You should check MessagePack . it looks promising.

I don't think there is a way to re-wire RMI, but it might be that specific replacement projects -- I am specifically thinking of DiRMI -- might? And/or project owners might be interest in helping with this (Brian, its author, is a very competent s/w engineer from Amazon.com).

Another interesting project is Protostuff -- its author is building a RPC framework too (I think); but even without it supports an impressive range of data formats; and does this very efficiently (as per https://github.com/eishay/jvm-serializers/wiki/ ).

Btw, I personally think biggest mistake most projects have made (like PB, Avro) is not keeping proper separation between RPC and serialization aspects nicely separate. So ability to do RPC using a pluggable data format or serialization providers seems like a good idea to me.

writeReplace() and readResolve() is probably the best combo for doing so. Mighty powerful in the right hands.
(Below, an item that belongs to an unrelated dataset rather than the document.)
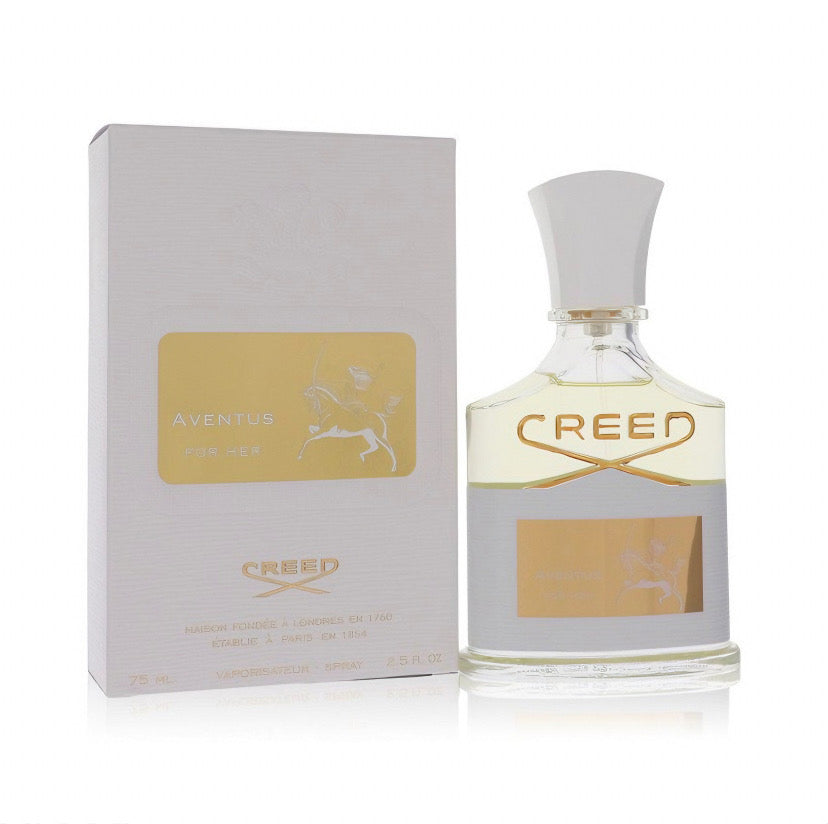 CREED AVENTUS EAU DE PARFUM FOR WOMEN 100ML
Java serialization is only verbose where it describes the classes and fields it's serializing. Overall, the format is as "self describing" as XML. You can can actually override this and replace it with something else. This is what the writeClassDescriptor and readClassDescriptor methods are for. Dirmi overrides these methods, and so it is able to use standard object serialization with less wire overhead.

The way it works is related to how its sessions work. Both endpoints may have different versions of the object, and so simply throwing away the class descriptors won't work. Instead, additional data is exchanged (in the background) so that the serialized descriptor is replaced with a session-specific identifier. Upon seeing the identifier, a lookup table is examined to find the descriptor object. Because the data is exchanged in the background, there's a brief "warm up period" after a session is created and for every time an object type is written for the first time.

Dirmi has no way to replace the wire format at this time.